** MATERIAL SHOWN **
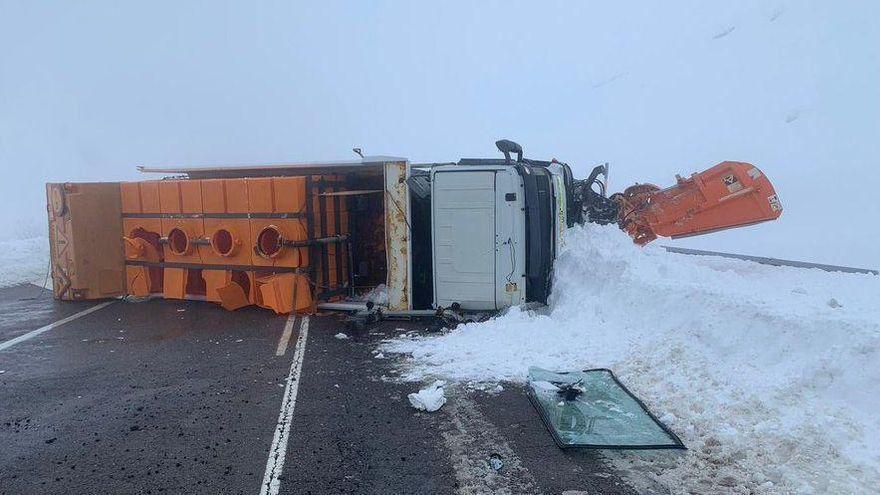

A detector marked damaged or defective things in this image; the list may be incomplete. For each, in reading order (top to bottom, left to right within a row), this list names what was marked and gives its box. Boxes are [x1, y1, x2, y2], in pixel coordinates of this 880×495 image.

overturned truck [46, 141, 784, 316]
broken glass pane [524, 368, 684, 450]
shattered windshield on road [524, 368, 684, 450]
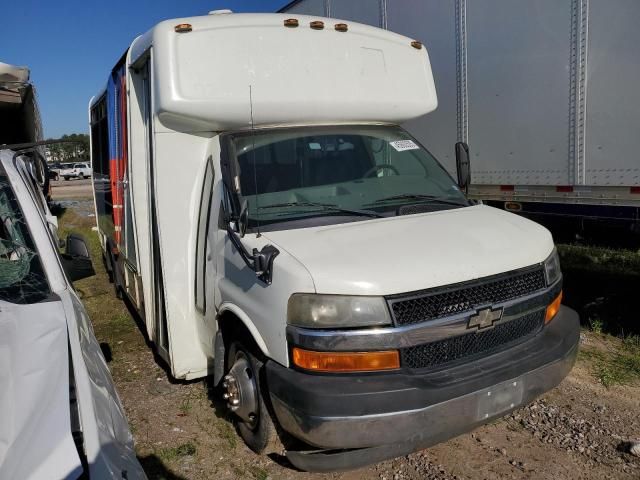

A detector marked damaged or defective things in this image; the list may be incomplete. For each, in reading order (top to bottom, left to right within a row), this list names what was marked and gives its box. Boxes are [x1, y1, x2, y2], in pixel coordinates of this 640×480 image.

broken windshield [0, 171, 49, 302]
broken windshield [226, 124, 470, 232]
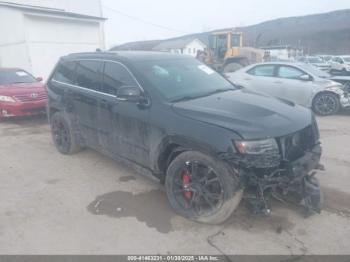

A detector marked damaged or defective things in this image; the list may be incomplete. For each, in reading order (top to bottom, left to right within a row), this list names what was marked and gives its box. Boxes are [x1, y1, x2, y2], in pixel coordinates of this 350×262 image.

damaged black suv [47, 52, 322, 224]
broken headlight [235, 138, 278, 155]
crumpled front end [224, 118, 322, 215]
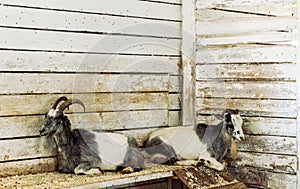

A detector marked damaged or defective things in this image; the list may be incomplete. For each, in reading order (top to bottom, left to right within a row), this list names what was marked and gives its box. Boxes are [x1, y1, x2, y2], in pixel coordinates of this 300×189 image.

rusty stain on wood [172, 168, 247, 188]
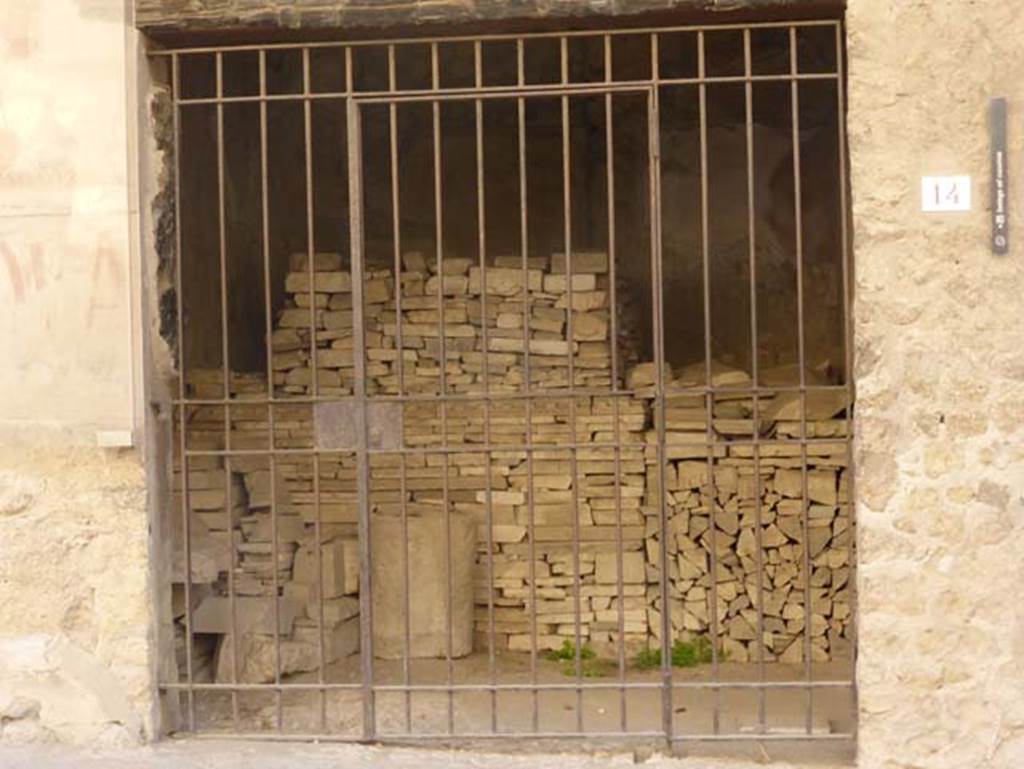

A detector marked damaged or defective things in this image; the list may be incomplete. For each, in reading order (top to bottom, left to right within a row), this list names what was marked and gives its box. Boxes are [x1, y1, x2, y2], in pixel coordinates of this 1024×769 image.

---

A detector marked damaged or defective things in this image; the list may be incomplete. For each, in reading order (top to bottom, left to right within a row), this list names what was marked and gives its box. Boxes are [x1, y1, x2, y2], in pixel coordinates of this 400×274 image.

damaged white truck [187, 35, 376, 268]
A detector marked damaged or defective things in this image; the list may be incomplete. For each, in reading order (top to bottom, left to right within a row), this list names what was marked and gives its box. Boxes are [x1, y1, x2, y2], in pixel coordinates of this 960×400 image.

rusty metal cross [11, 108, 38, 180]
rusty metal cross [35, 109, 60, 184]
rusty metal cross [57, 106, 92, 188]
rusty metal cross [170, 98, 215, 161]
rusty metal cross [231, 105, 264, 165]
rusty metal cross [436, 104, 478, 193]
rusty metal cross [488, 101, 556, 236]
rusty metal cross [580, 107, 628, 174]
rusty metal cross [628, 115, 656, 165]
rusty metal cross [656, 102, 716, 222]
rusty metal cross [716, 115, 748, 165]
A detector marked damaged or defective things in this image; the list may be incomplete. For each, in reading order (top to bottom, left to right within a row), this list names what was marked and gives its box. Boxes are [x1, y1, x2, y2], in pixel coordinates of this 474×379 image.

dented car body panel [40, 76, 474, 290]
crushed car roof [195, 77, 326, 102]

** TASK GOAL **
The stretch above running from the line with "this 640×480 image." through the line with "this 1024×769 image." is all you should copy, exactly, leaving out the pictures.

** WRITTEN SOLUTION **
A detector marked damaged or defective things in this image; the list may be incomplete. For each, in reading order (top to bottom, left to right within a row), this list names what was marked and gives its box. Boxes are [x1, y1, x2, y2], in pixel coordinates of this 640×480 image.

broken windshield [0, 171, 49, 302]
broken windshield [226, 124, 470, 232]

A detector marked damaged or defective things in this image; the list may be incomplete. For each, in reading order (top to bottom, left to right within a row), this list names what was marked and gives its box. Boxes are [x1, y1, x2, y2], in pixel coordinates of this 350×262 image.

damaged black suv [47, 52, 322, 224]
broken headlight [235, 138, 278, 155]
crumpled front end [224, 118, 322, 215]

A detector marked damaged or defective things in this image; the list may be incomplete. For each, in reading order (top to bottom, left to right within a row), this list names what was marked and gives its box. Boxes are [x1, y1, x2, y2], in pixel coordinates of this 300×189 image.

rusty stain on wood [172, 168, 247, 188]

A detector marked damaged or defective things in this image; the list may be incomplete. For each, in reading order (top to bottom, left to right within a row), this list names what was marked and gives its box. Boxes are [x1, y1, x2, y2], in pixel coordinates of this 1024×769 image.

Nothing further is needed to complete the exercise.